▶ **The problem**:
Please repeat, exactly and without pictures, the lines of the entries below that run from the one containing "Hey everyone, in" through the one containing "After doing that, click".

▶ **Record set**:
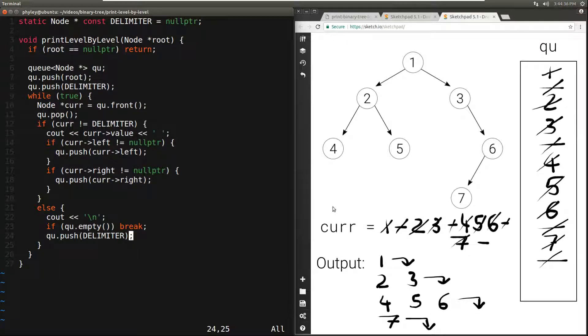The final output is: 1, newline, 2 3, newline, 4 5 6, newline, 7, newline — which indeed is correct.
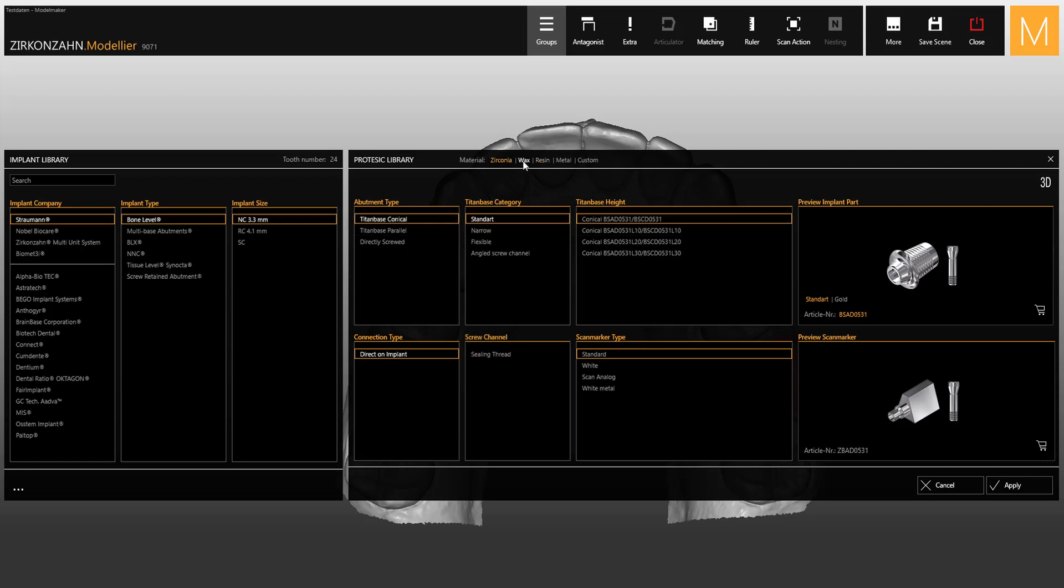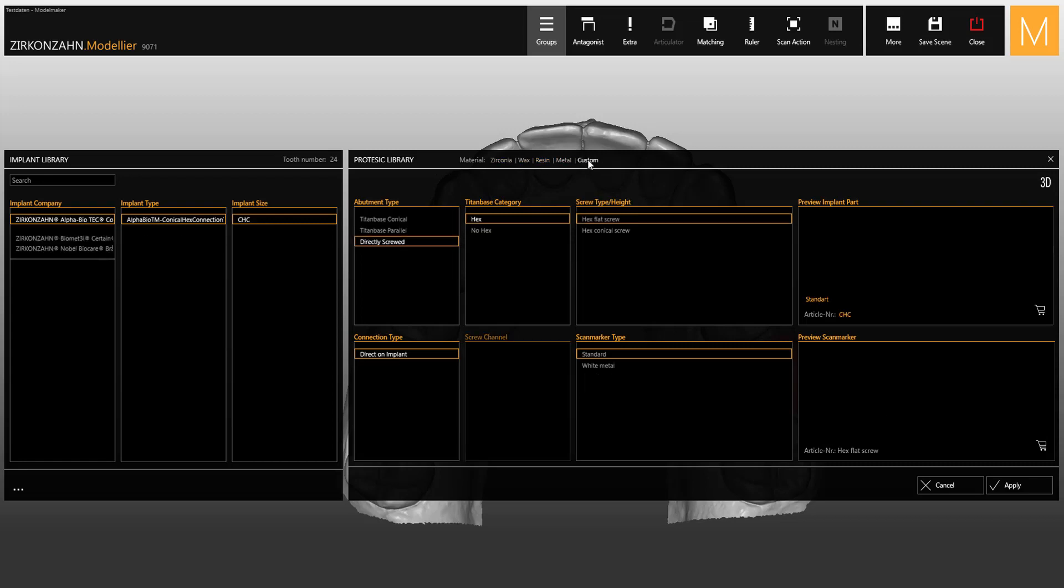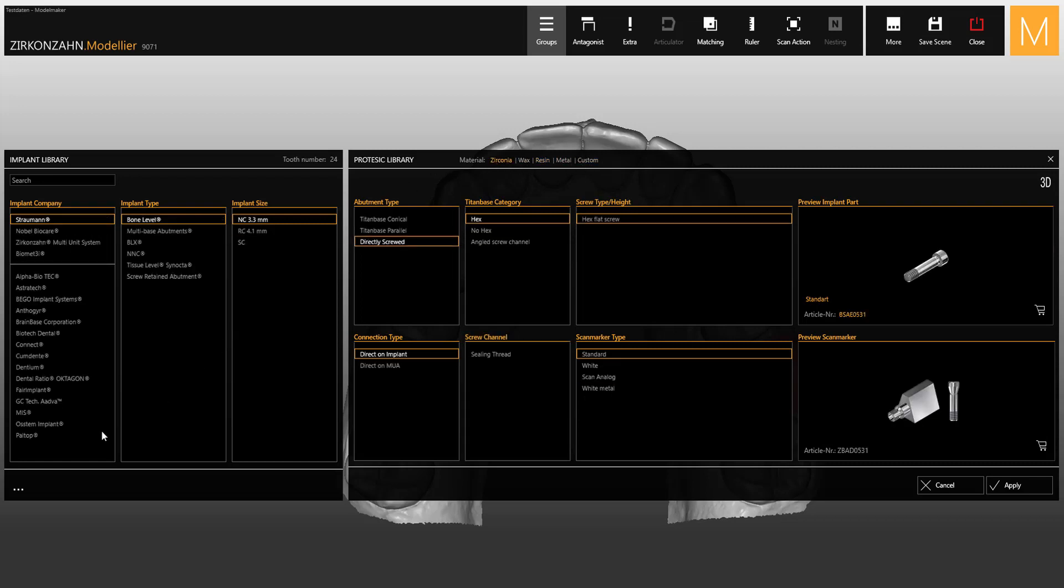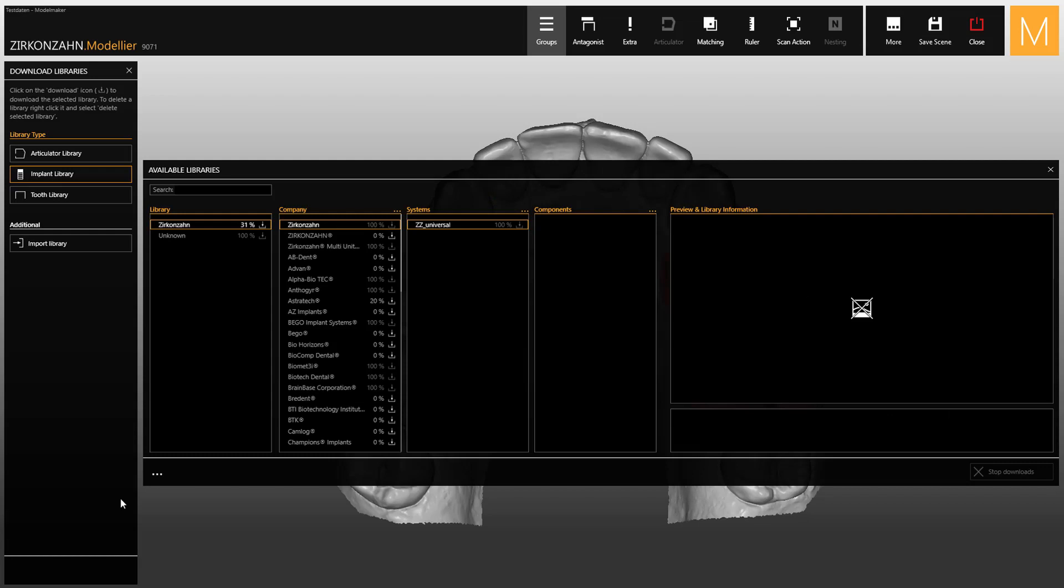First of all, select the required material. Then, in order to easily expand your library, click on the three points at the bottom left corner and choose Download Additional Implants. Now select the desired implant company. You don't have to download the whole system, but only what you specifically need.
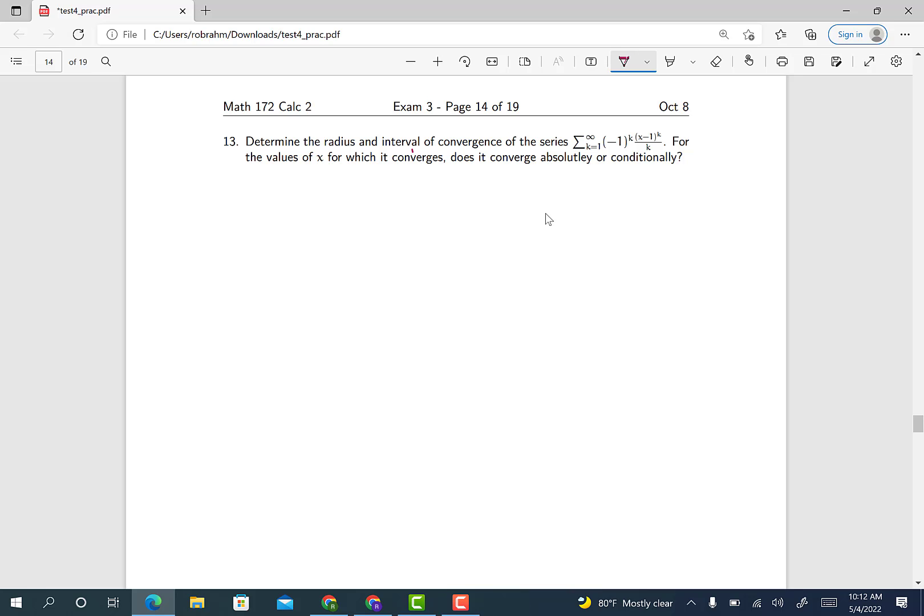The other way, which is what we're going to do, is to use the ratio test, because this is not a geometric series. The k in the denominator makes this not a geometric series. However, we do have an exponent — x minus 1 to the power of k — which means we can apply the ratio test. So we're going to look at the ratio test.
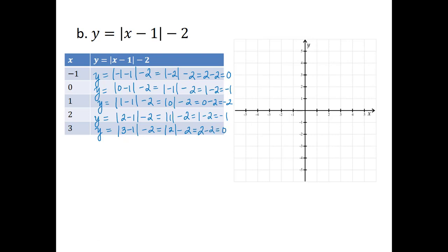So the solutions are (negative 1, 0), (0, negative 1), (1, negative 2), (2, negative 1), and (3, 0). Notice that these points lie in a V shape, so we can draw the graph through these points to get the complete solution set. An absolute value equation has a V-shaped graph.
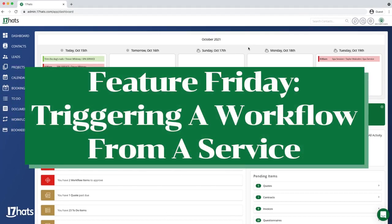Today I'm going to show you how 17 Hats can automatically trigger a workflow when your clients purchase a specific service from you.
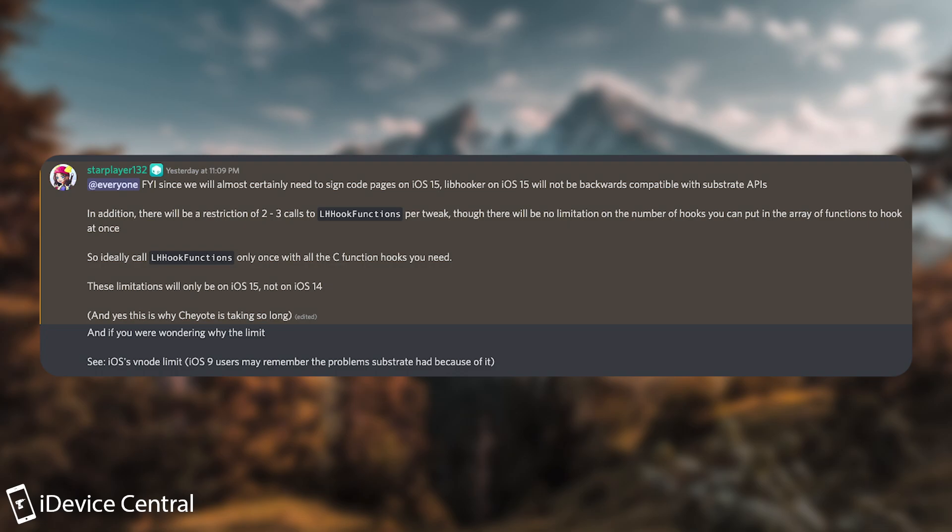In addition, there will be a restriction of two to three calls to libhooker function per tweak, though there will be no limitation on the number of hooks you can put in an array of functions to hook at once. So ideally, call libhooker functions only once with all the C function hooks you need. These limitations will only be on 15, not 14. And yes, this is why Chao is taking so long.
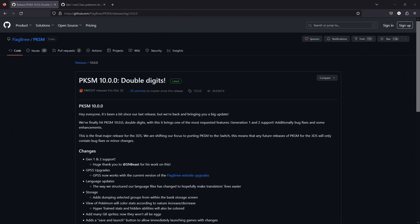If PKSM is still on 10.0.0, then this information is still relevant, otherwise you can skip it.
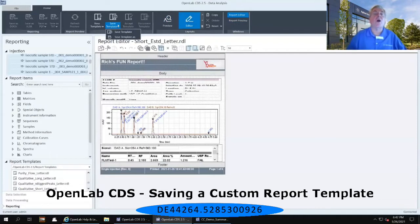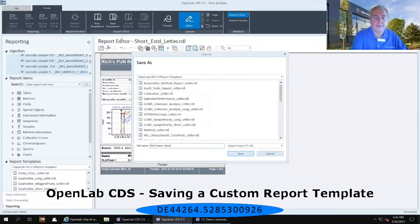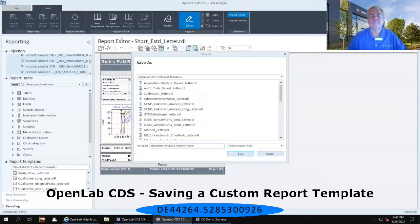So I always suggest selecting the second option to Save the Template As and give it a name — for example, Rich Demo Template Injection Report — and then select Save.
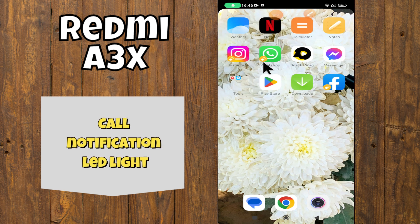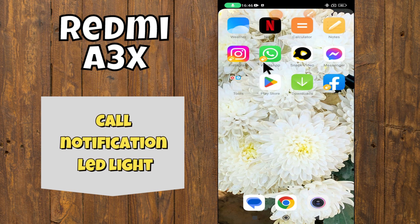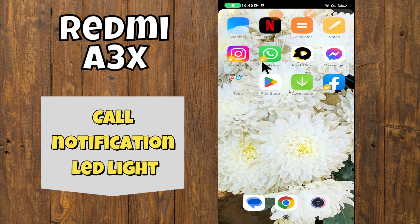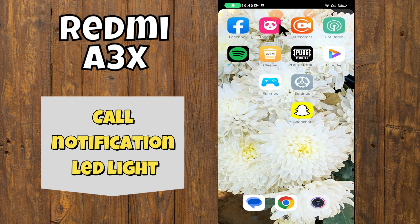Hey everyone, in today's video I'm going to show you how to enable call notification light in your Redmi A3x. In this video I'm gonna tell you how you can do it.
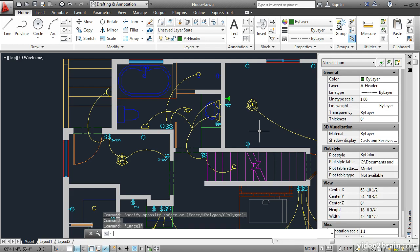You have learned how to load line types into AutoCAD using the line type command, how to change the global line type scale with LT scale, and how to override line type and line type scale on selected objects.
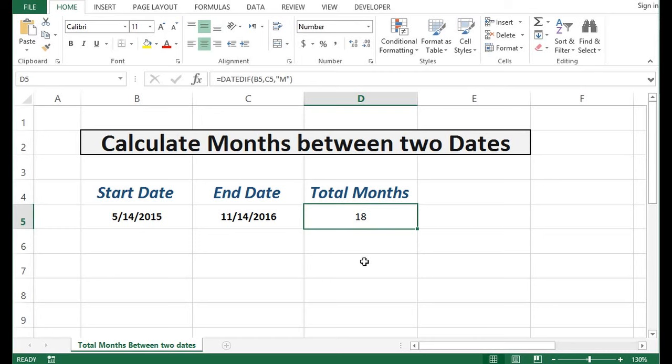So this is how we can make use of DATEDIF function to calculate total number of months. Also, we can calculate total number of years or total number of days using DATEDIF function, but the third parameter needs to be passed accordingly.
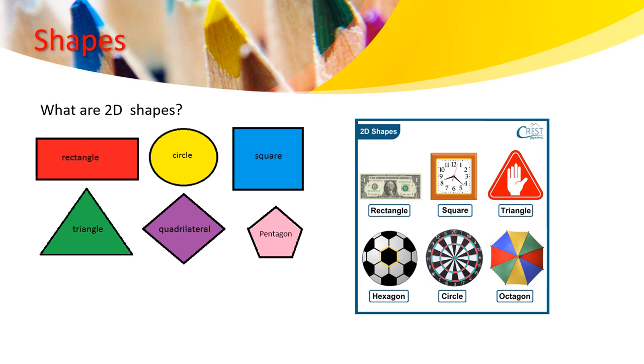Let's look at another thing. If we look at the clock, what shape do you think this is?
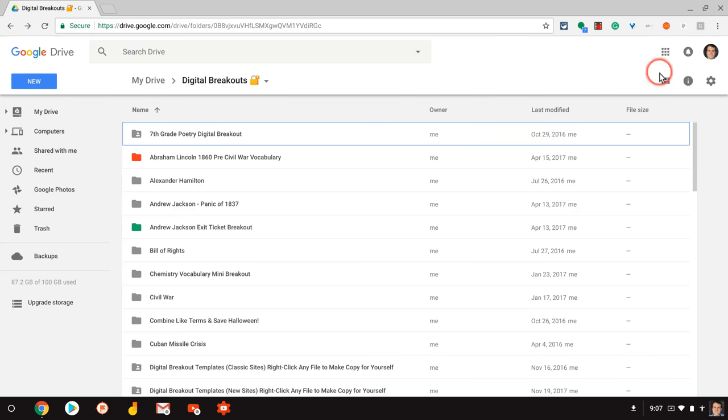Hi, I'm Tom Mullaney. Today we're talking about organizing Google Jamboard jams in Google Drive.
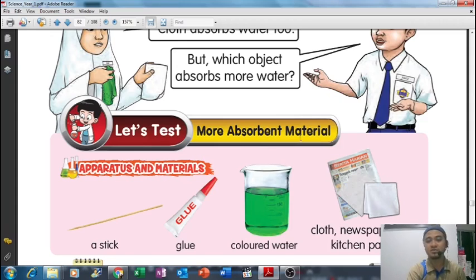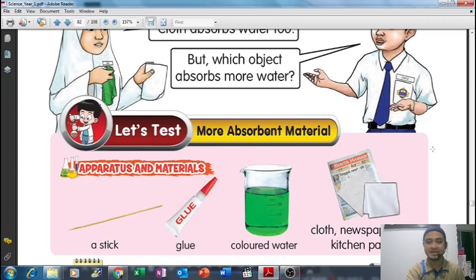Absorb more water - jadi, itu yang kita kena faham pada hari ini.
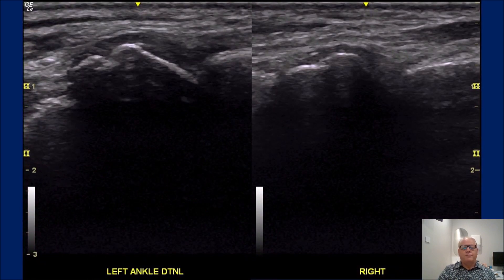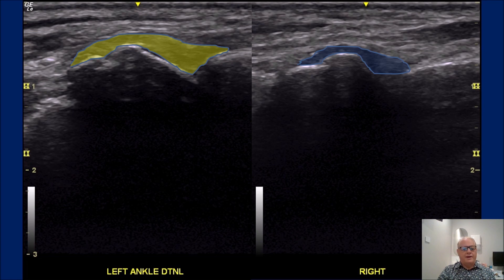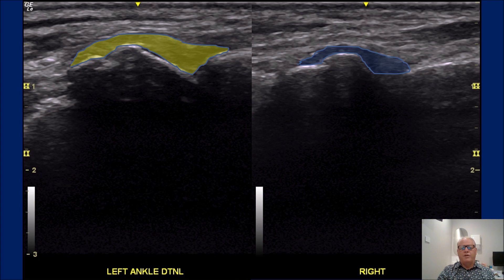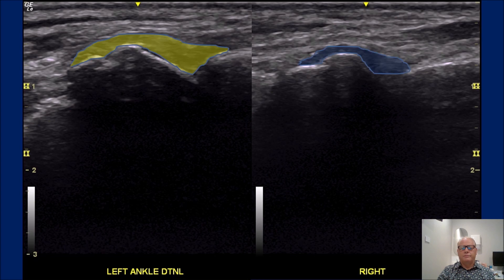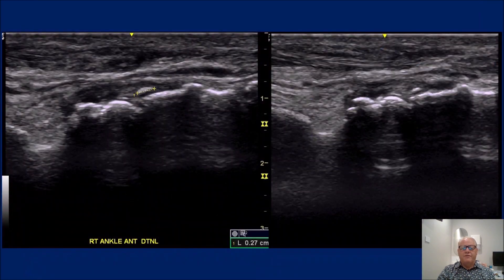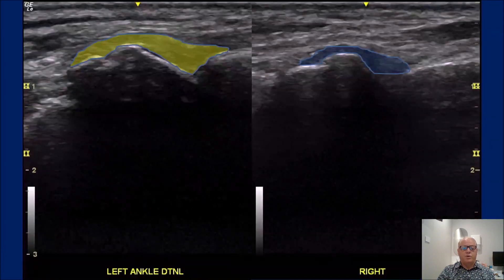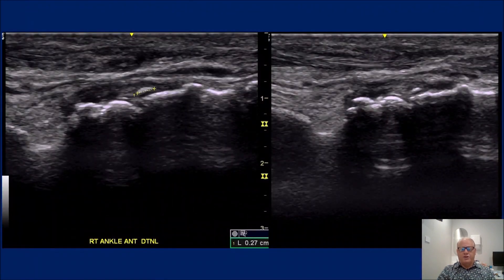Here we have an injured talonavicular ligament on the left in yellow and normal on the right. There may or may not be a degree of bony irregularity. In fact, here's one that we've scanned that has a small avulsion fracture of the talus and the navicular in that area.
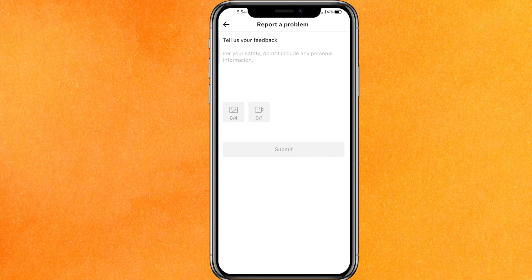After doing that, click on Submit. In the next 24 hours, TikTok support will contact you through your email address or through your account ID, and they will try to fix your problem and bring the direct message feature back to your account.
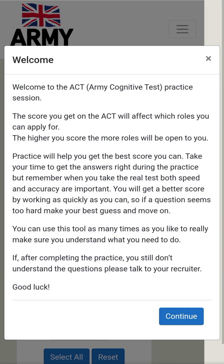Welcome to the Army Cognitive Test practice session. The score you get will affect which roles you can apply for — the higher you score, the more roles will be open to you. Practice will help you get the best score.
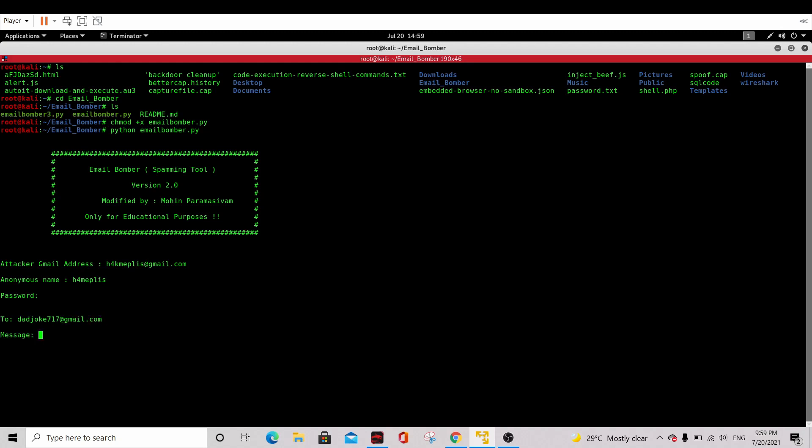The message to be sent is hi testing. The number that you will send to the testing Gmail - I will put it as 30. We will send it 30 times. And enter. Now it should work and they will start sending the email.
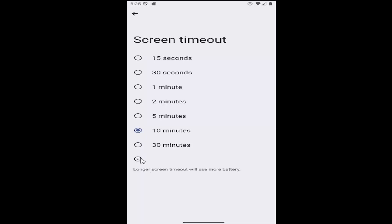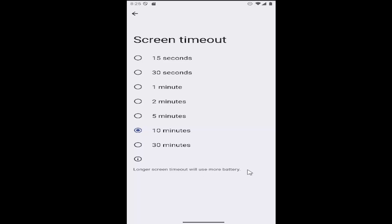And if you want to select the little info button, it'll just tell you the longer screen times will use more battery. So pretty straightforward process on that. So anything from 15 seconds to 30 minutes basically.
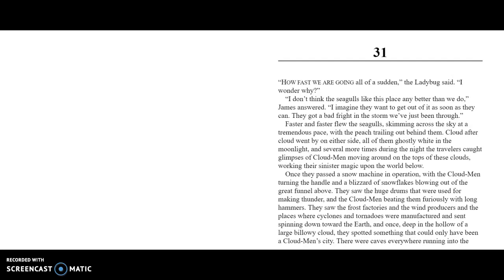James and the Giant Peach, Chapter 31. "How fast are we going all of a sudden?" the Ladybug said. "I wonder why." "I don't think the seagulls like this place any better than we do," James answered. "I imagine they want to get out of it as soon as they can. They got a bad fright in the storm we've just been through."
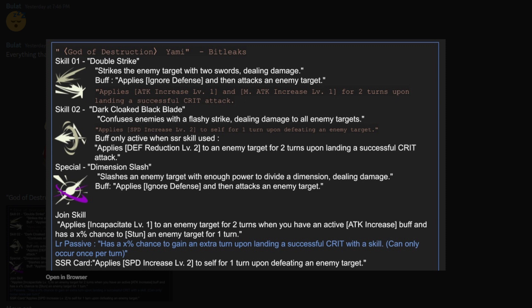And, then LR, so when you get into LR Rarity, has the X% chance to gain an extra turn upon landing a successful crit with a skill. Once per turn, which is great. So, yeah.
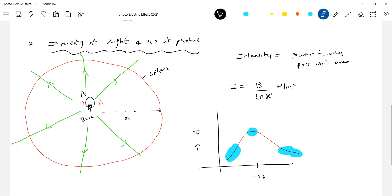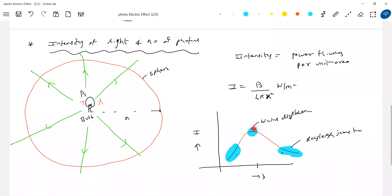The Rayleigh-Jeans law was able to explain the long-wavelength part of the curve, and Wien's displacement law explained the short-wavelength part, but when both failed to explain the total curve, Planck proposed his radiation law. Since quantum mechanics — Schrödinger's wave equation and all — is so vast and would take a full year to learn, it's been taken out of the physics syllabus here.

▶ **Answer space**:
Hey everyone, in today's video I'm going to show you how to enable call notification light in your Redmi A3x. In this video I'm gonna tell you how you can do it.
You have learned how to load line types into AutoCAD using the line type command, how to change the global line type scale with LT scale, and how to override line type and line type scale on selected objects.
So this is how we can make use of DATEDIF function to calculate total number of months. Also, we can calculate total number of years or total number of days using DATEDIF function, but the third parameter needs to be passed accordingly.
Let's look at another thing. If we look at the clock, what shape do you think this is?
Hi, I'm Tom Mullaney. Today we're talking about organizing Google Jamboard jams in Google Drive.
Absorb more water - jadi, itu yang kita kena faham pada hari ini.
Here we have an injured talonavicular ligament on the left in yellow and normal on the right. There may or may not be a degree of bony irregularity. In fact, here's one that we've scanned that has a small avulsion fracture of the talus and the navicular in that area.
After doing that, click on Submit. In the next 24 hours, TikTok support will contact you through your email address or through your account ID, and they will try to fix your problem and bring the direct message feature back to your account.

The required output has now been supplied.